Наверное, это главное, сокровенное, сердцевинное слово в философском языке самого Топорова, если читать внимательно корпус его, особенно поздних, текстов. Он открыл в нашей культуре такое сверхявление, как её петербургский текст – вернее же будет сказать, что он создал для нас его, эту мысленную реальность, сотворил и выстроил собственный петербургский текст в большом цикле работ, запечатлевших то, что сам назвал в одной из них своим полувековым петербургским «романом»[965]
– и исследовательским, и душевным. Роман великого филолога с великим городом породил великую идею петербургского текста русской литературы. И вот петербургский текст описан во всей его «не сводимой к единству антитетичности и антиномичности»,[966] во всей его мучительности и предельной катастрофичности – и, описанный так, парадоксальным, кажется, образом, он описан как текст спасения. «…Ибо, как сказано, где о – пасность, там и с – пасение» – корнесловит исследователь, обосновывая высокий трагический смысл страдания в переживании Петербурга русской культурой[967] (Его страдание под ледяной корой, Его страдание больное, по Аполлону Григорьеву).Но и не только в книге о петербургском тексте, а и в других работах автора мы встретим этот его афоризм с опасностью и спасением. И с отсылкой к первоисточнику – к стихотворению Гёльдерлина «Патмос», но в собственной – концептуально—собственной – редакции перевода, позволяющей корнесловить по—русски и строить свой афоризм. Два ключевые слова по—русски, в отличие от оригинала,[968]
– однокоренные слова. «Именно русский язык открывает, казалось бы, парадоксальную связь высшей угрозы (о – пас—ность) и конечного избавления от неё как высшего блага (с – пас—ение)…».[969] Русифицированный Гёльдер—лин как ключевое место философского образа мира, переходящее из одного топоровского текста в другой.Спасение – ключевое слово и позднего топоровского литературоведения (если условно определить его так). Грех Гоголя против Плюшкина – в роковой неспособности «увидеть человека в своем герое»[970]
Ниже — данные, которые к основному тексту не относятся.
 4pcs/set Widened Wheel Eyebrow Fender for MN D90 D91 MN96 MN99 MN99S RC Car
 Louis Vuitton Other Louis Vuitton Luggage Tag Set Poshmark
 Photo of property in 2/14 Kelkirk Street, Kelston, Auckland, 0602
и тем самым отказ художника героя «спасти» (при этом исследователь словно бы забывает о стратегическом замысле Гоголя спасти Плюшкина, вместе с Чичиковым – именно их двоих – в третьем томе поэмы,[971] но тем самым этот утопический замысел художника, забыв о нём, подтверждает). Несколько раз в топоровских текстах возникает цитата из «Фауста», опрокинутая в нашу литературу: на приговор её герою (Плюшкину или Прохарчину – приговор от «низкой жизни» или даже от самого художника Гоголя) – Er ist gerichtet! – ответствует «Голос сверху» (от художника Достоевского и филолога Топорова) – Er ist gerettet!: «ситуация, не раз „разыгрываемая“ в русской литературе».[972] Вслед за и вместе с художником филолог берёт на себя задачу высшую – и кого же спасает он своим высшим судом? Самых малых, «последних» в нашей литературе. И господин Прохарчин, и «прореха на человечестве» оказываются у Топорова достойны цитаты из «Фауста».О «Господине Прохарчине» В. Н. Топоров написал книгу (книгу, а не статью[973]
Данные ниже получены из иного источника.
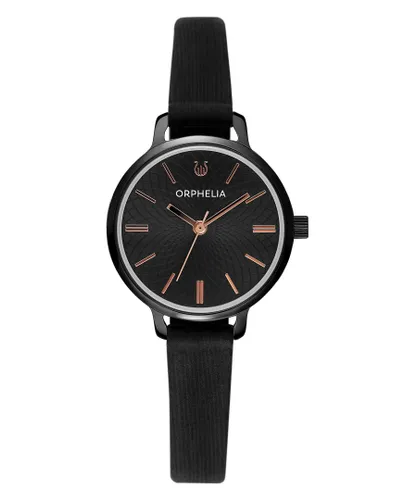 Orphelia Pixi WoMens Black Watch OR11902 Leather (archived) - One Size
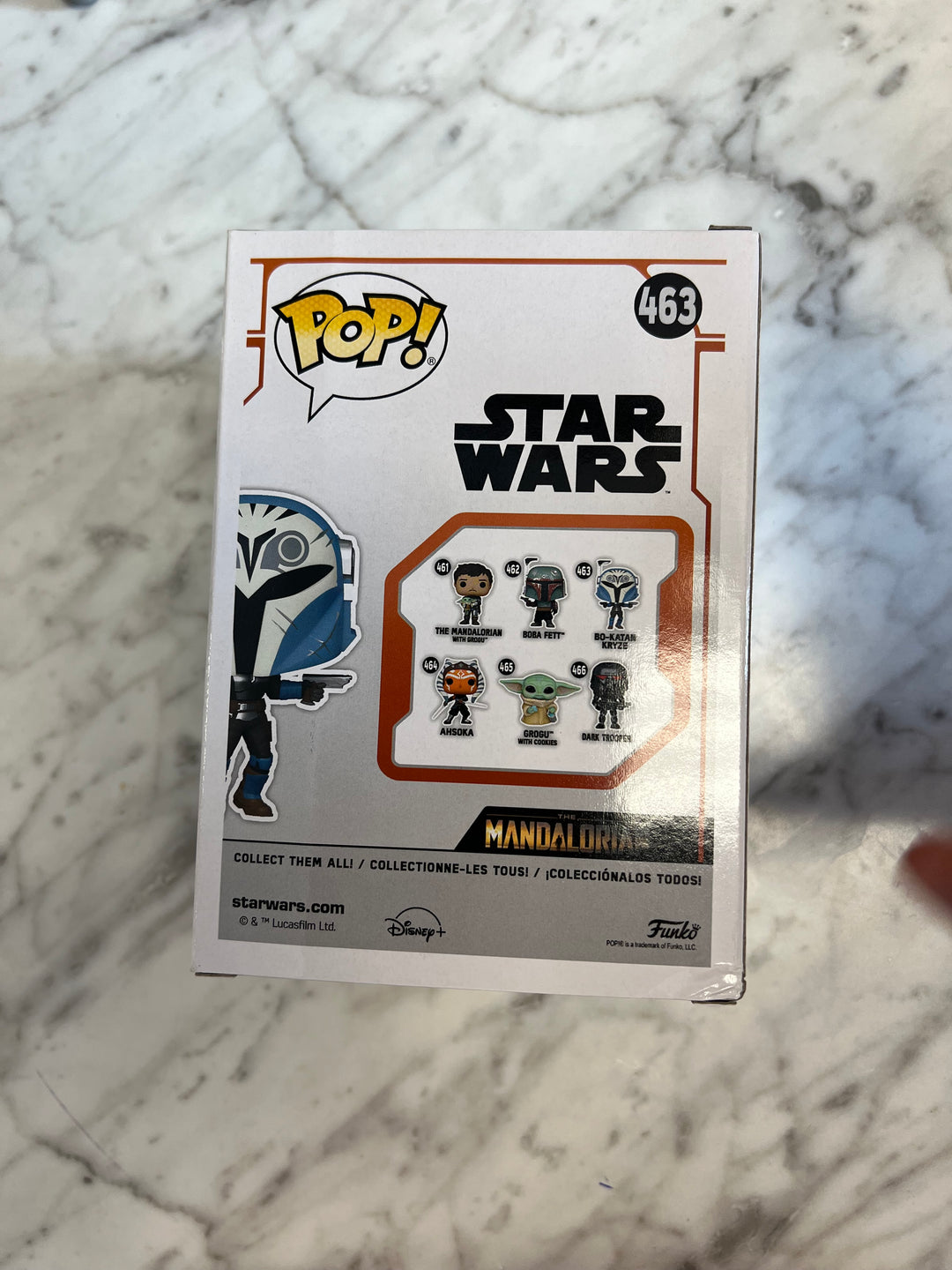 Funko Pop! Bo-Katan Kryze #463 Star Wars FP122224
). Кто так пристально прочитал и, главное, полюбил эту дикую, «обделённую счастьем повесть», не возбудившую «любознательности и в современных исследователях»[974] – ведь можно это за Иннокентием Анненским повторить и сегодня? Только двое они – поэт—критик Анненский и филолог—поэт Топоров.Итак, не хватает определений – может быть, популярная «культурология»? Но в упомянутой вступительной к Мейеру сказано: «Ни культура, ни история в этих условиях совершающейся катастрофы не могут рассматриваться как полностью надёжные точки опоры, как вехи пути: и культура, и история могут не пережить катастрофы…»[975]
Философия спасения имеет ориентир поверх истории и культуры.Однако мысль, которая чувствует себя «в условиях катастрофы», пребывает в истории – в своей отечественной истории прежде всего. История – большая отдельная тема в умственном космосе Топорова. Мысль пребывает в истории, однако в ней не умещается; мысль помещается по преимуществу на границах истории (истории как науки, но, далее, и самой истории как человеческого процесса), заглядывая за оба её предела – в область космологического («О космологических источниках раннеисто—рических описаний»[976]
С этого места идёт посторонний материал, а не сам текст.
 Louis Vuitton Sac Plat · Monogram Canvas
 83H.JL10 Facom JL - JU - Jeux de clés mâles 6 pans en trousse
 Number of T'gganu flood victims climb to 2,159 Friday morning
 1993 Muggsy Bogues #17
), но и в непредставимое иное будущее состояние («Возникает вопрос – где границы истории (и исторического мышления) в будущем?»[977]); более того – сама история «знает о своих границах (…) и о том, что она сама, история, лишь мост между тем, что было до неё и будет после неё».[978] Современный учёный филолог заглядывает, по отношению к человеческой истории, в вопросы, близкие к тем, в которые, по отношению к самому человеку, заглядывали Достоевский («на земле человек в состоянии переходном», 1864[979]) и Ницше (человек – это мост, переход).